Desperation leads me here as, hopefully, a forum to find a solution. I have a QT .mov file, ProRes 422 (HQ), created in realtime from capturing to tape through FCP. The file, which should be like the tape at 720p 59.94 comes to me and Movie Inspector shows 59.84 fps - thus when trying to import or transcode into Avid MC, I get a sync issue, video lags audio. I suspect corrupt data(metadata) - how can I correct this - in ANY WAY? Cinema Tools does not allow conform to 59.94 - I tried this method on another file and made the mistake of creating 29.97fps, thus in Avid it was slo-mo .... I played the file twice speed, realtime and captured the AV into another Avid to finally get a file in sync at normal speed with which to edit - I do not want to go through all that again ... surely there is a way to fix this differently? As a second question, the engineer in me, how can I solve the root of the problem? Is the system on which the file is created just not powerful enough to handle ProRes 422 (HQ)? I have received files from him in ProRes 422 (LT) which did not pose this issue.
I'm often dealing with odd frame rates as is typical when recording live streams (as in live streaming to the internet). You can take the ProRes file and encode again to ProRes to the proper frame rate in Compressor.
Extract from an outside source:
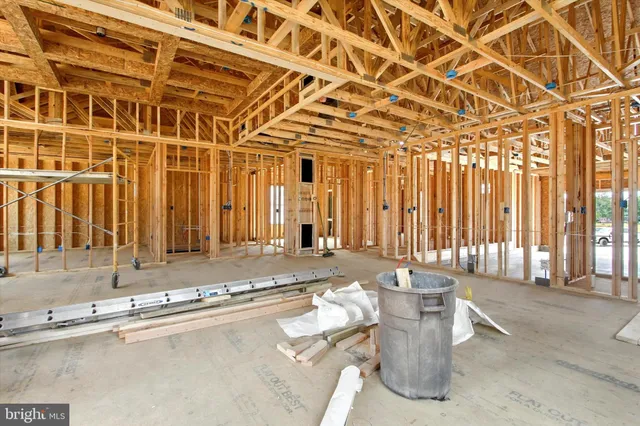 a view of a patio with a table and chairs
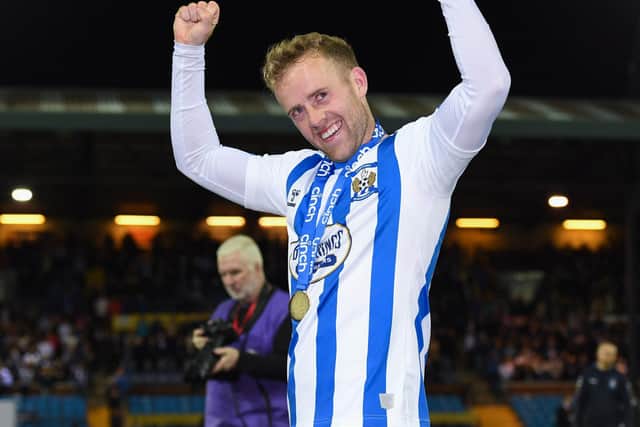 Rory McKenzie celebrates with his first medal in 11 years at Kilmarnock's first-team. (Photo by Ross MacDonald / SNS Group)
I can't speak to your specific specs but when I do live encoding to ProRes using Wirecast for example, the encoder will adjust the frame rate rather than drop frames if there's any reason why it can't maintain the frame rate. The result is that you have a file that plays just fine in Quicktime for example but will drift out of sync in many NLEs (FCPX seems to be an exception). This is because, unlike Quicktime, the NLE is forcing the file to a standard frame rate, thus resulting in the audio drifting out of sync.
There are a variety of reasons why and encoder might not be able to maintain frame rate. One thing to avoid is using the System drive because it's also running the OS and applications. Other important things are the sustained throughput of the connection to the drive and the drive speed itself.